* Exercise objective:
Your answer must be the data repeated exactly, with no pictures in it.

* Dataset excerpts:
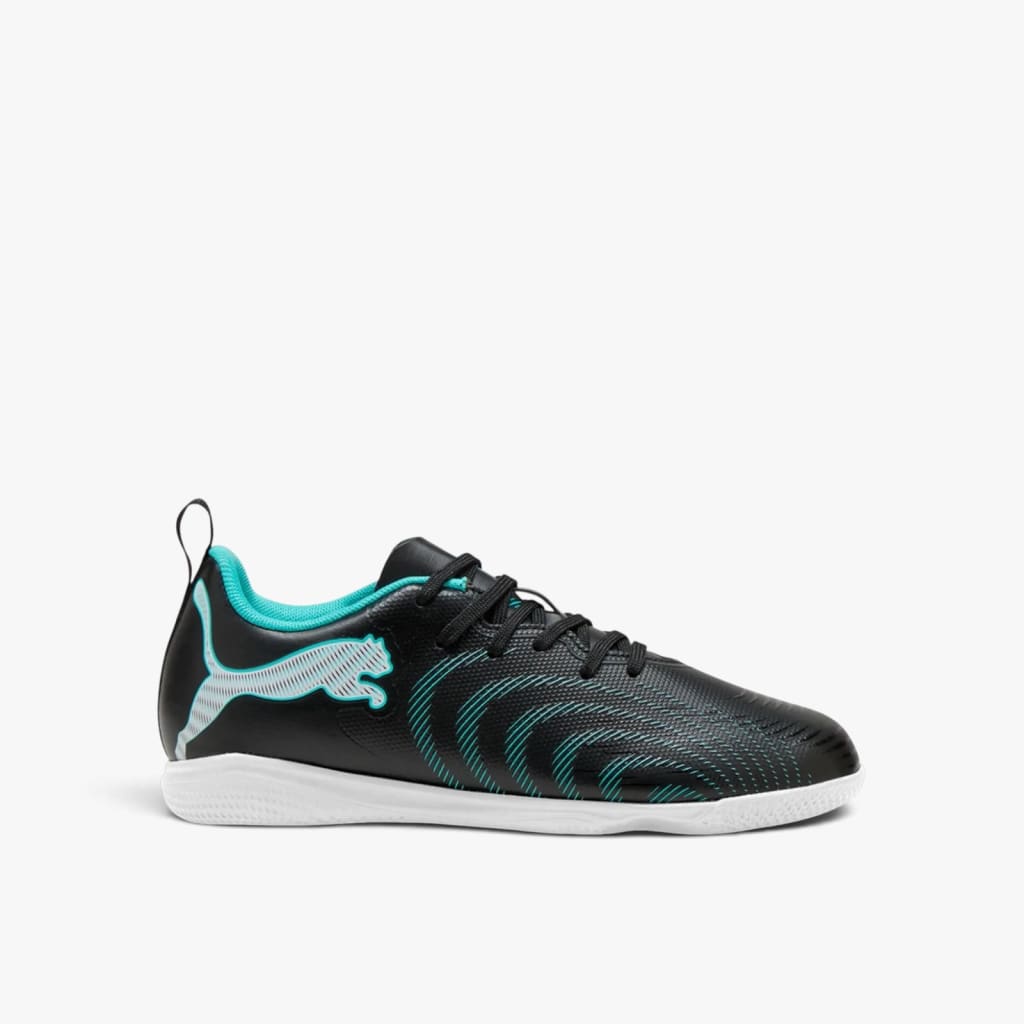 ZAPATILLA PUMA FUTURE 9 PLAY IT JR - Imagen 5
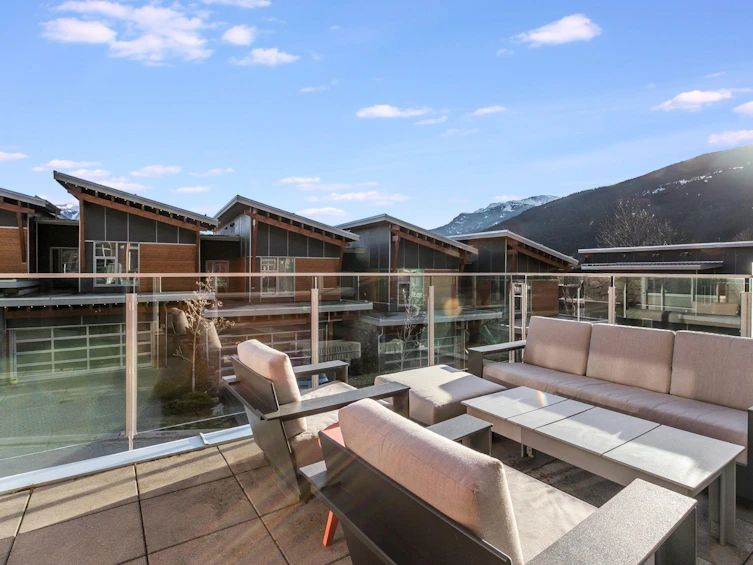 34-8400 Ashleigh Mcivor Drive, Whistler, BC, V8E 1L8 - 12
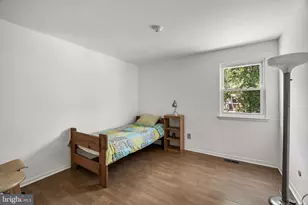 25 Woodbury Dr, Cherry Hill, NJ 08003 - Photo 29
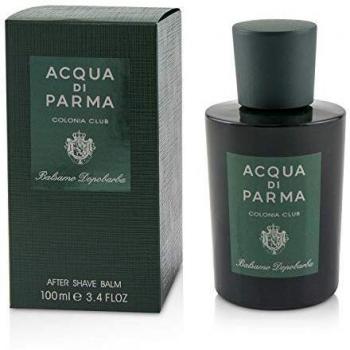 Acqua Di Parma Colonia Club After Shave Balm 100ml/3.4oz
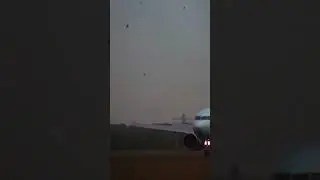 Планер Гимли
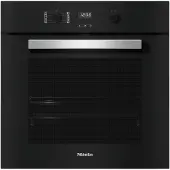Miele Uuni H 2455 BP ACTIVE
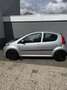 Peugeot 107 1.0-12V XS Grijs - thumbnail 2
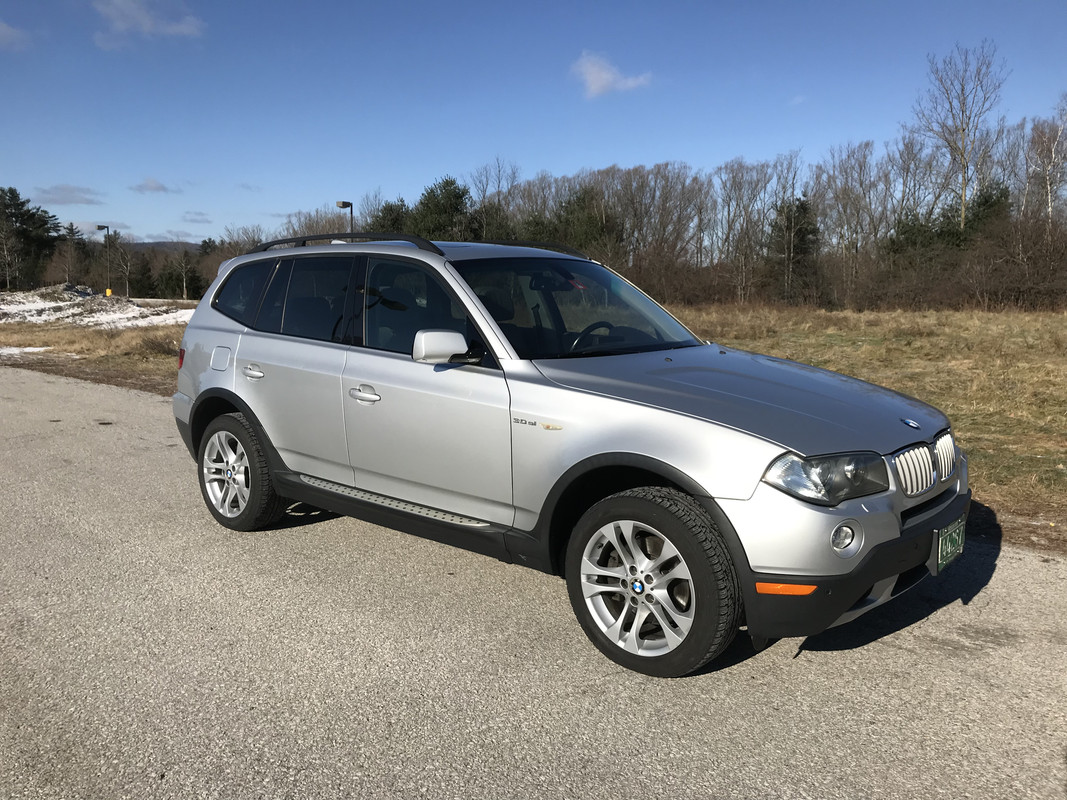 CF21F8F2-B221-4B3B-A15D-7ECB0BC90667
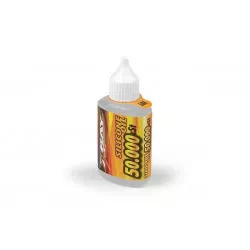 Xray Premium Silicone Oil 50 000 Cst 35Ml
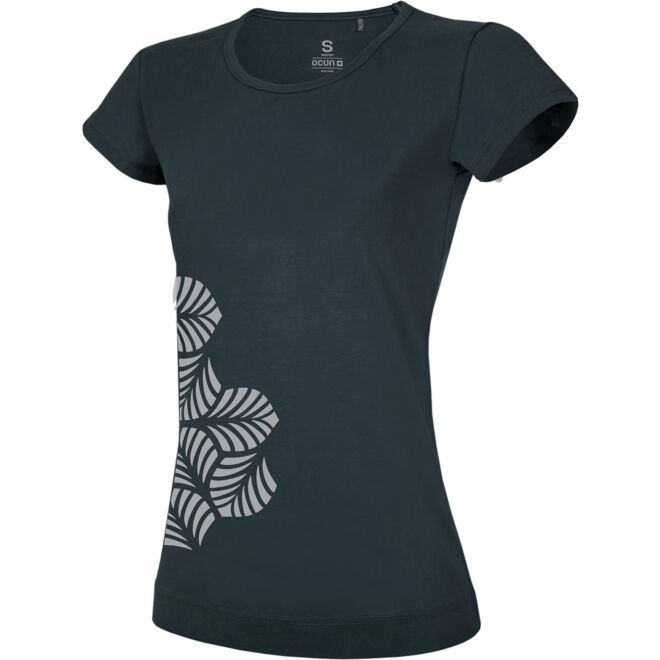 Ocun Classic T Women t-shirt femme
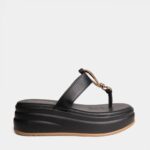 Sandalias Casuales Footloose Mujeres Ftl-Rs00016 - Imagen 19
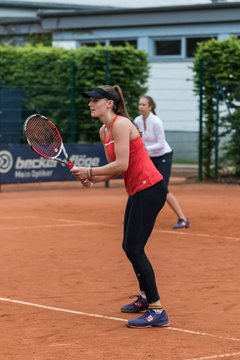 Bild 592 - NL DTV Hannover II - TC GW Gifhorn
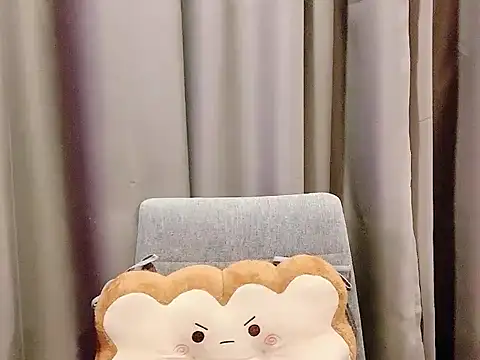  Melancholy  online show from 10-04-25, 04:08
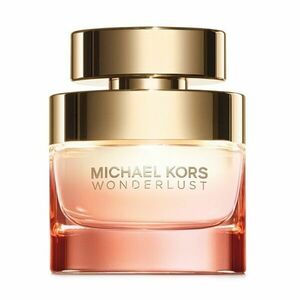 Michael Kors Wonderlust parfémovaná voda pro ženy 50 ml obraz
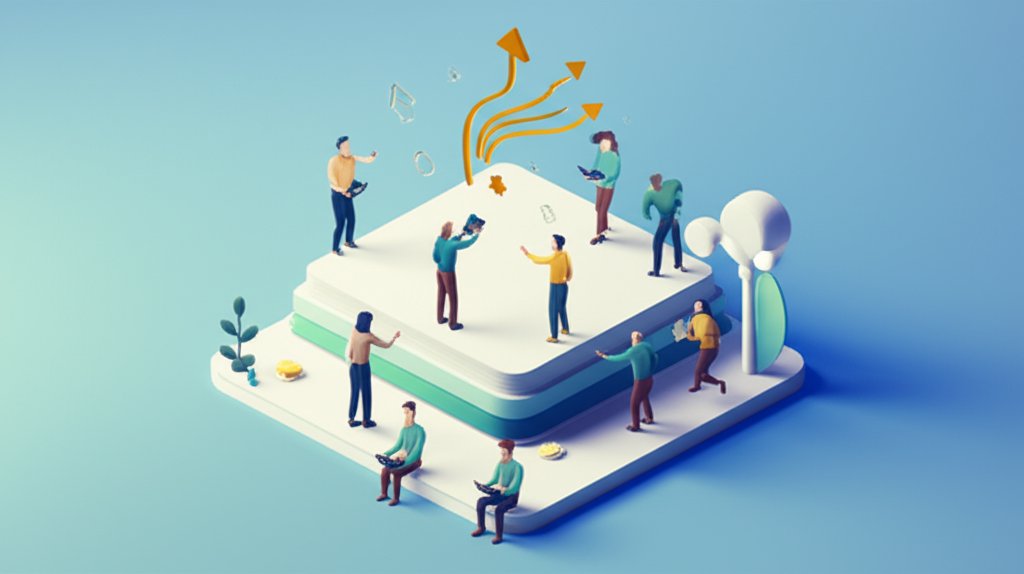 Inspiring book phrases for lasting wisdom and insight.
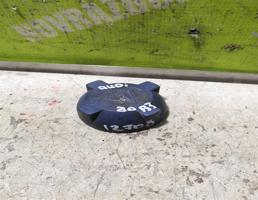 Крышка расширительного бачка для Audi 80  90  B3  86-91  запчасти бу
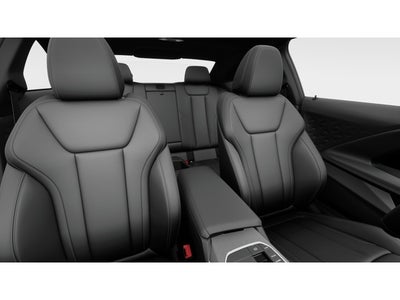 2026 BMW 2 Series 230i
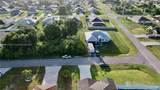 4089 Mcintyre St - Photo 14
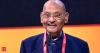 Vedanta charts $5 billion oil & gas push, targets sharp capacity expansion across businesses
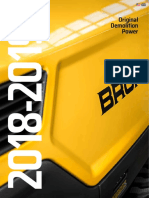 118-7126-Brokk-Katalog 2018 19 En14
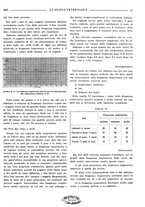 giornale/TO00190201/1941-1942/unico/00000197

* Task solution:
 ZAPATILLA PUMA FUTURE 9 PLAY IT JR - Imagen 5
 34-8400 Ashleigh Mcivor Drive, Whistler, BC, V8E 1L8 - 12
 25 Woodbury Dr, Cherry Hill, NJ 08003 - Photo 29
 Acqua Di Parma Colonia Club After Shave Balm 100ml/3.4oz
 Планер Гимли
Miele Uuni H 2455 BP ACTIVE
 Peugeot 107 1.0-12V XS Grijs - thumbnail 2
 CF21F8F2-B221-4B3B-A15D-7ECB0BC90667
 Xray Premium Silicone Oil 50 000 Cst 35Ml
 Ocun Classic T Women t-shirt femme
 Sandalias Casuales Footloose Mujeres Ftl-Rs00016 - Imagen 19
 Bild 592 - NL DTV Hannover II - TC GW Gifhorn
  Melancholy  online show from 10-04-25, 04:08
 Michael Kors Wonderlust parfémovaná voda pro ženy 50 ml obraz
 Inspiring book phrases for lasting wisdom and insight.
 Крышка расширительного бачка для Audi 80  90  B3  86-91  запчасти бу
 2026 BMW 2 Series 230i
 4089 Mcintyre St - Photo 14
 Vedanta charts $5 billion oil & gas push, targets sharp capacity expansion across businesses
 118-7126-Brokk-Katalog 2018 19 En14
 giornale/TO00190201/1941-1942/unico/00000197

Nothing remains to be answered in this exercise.